Honestly, worth the risk, though.

Crazy Healthy Series

It was a series of ads featuring dragon, samurai, archers, and cyclops.

Humor and fantasy dramatize POM’s antioxidant story by showing consumers being “protected” by mythical warriors after drinking POM juice, translating the abstract idea of free-radical defense into vivid, memorable visuals.

Meta Marketing (but not that kind)

POM sponsored The Greatest Movie Ever Sold to turn advertising itself into entertainment. 

The brand basically marketed itself…by creating a film around marketing - and that’s what I call Meta Marketing

Premiering at Sundance delivered outsized earned media, long-tail PR, and academic relevance at a fraction of TV ad costs.

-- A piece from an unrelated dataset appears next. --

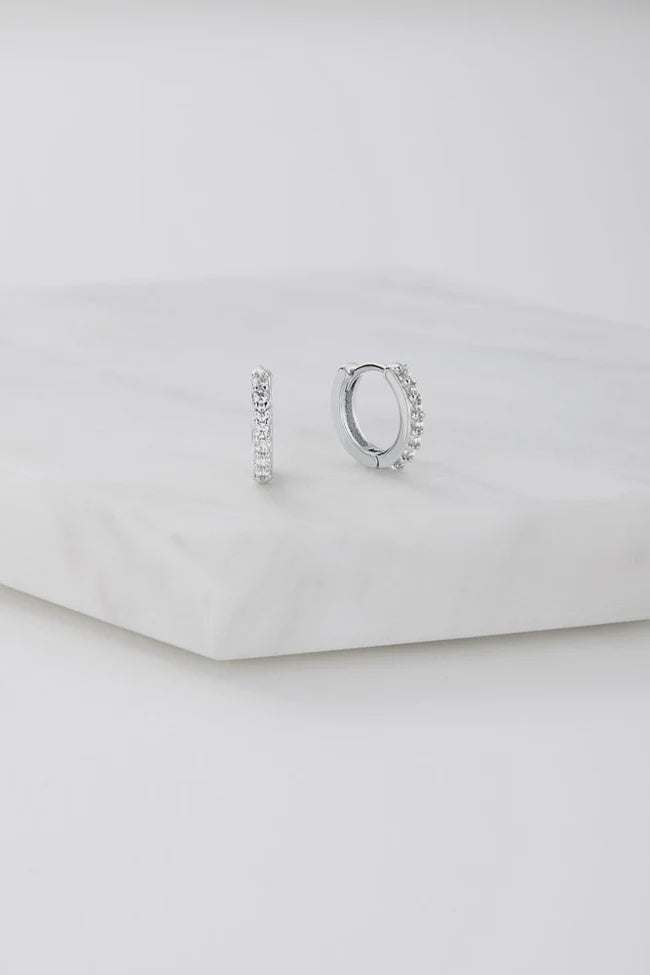 Zafino Australia Ally Mini Huggy Silver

As a brand already known for bold, science-led positioning, the stunt reinforced POM’s brand personality while maximizing memorability over short-term sales.

Wrap Up

What POM did was create a category, and that's the hardest thing to do in marketing. They proved people would pay premium prices for functional beverages if you gave them a reason to believe.

The brand's challenges now are about evolution. 

The product is still distinctive. The brand equity is real. And the opportunity is enormous. 

The pomegranate category they created is bigger than ever. They just need to reclaim their position as the definitive brand, not just another option on the shelf.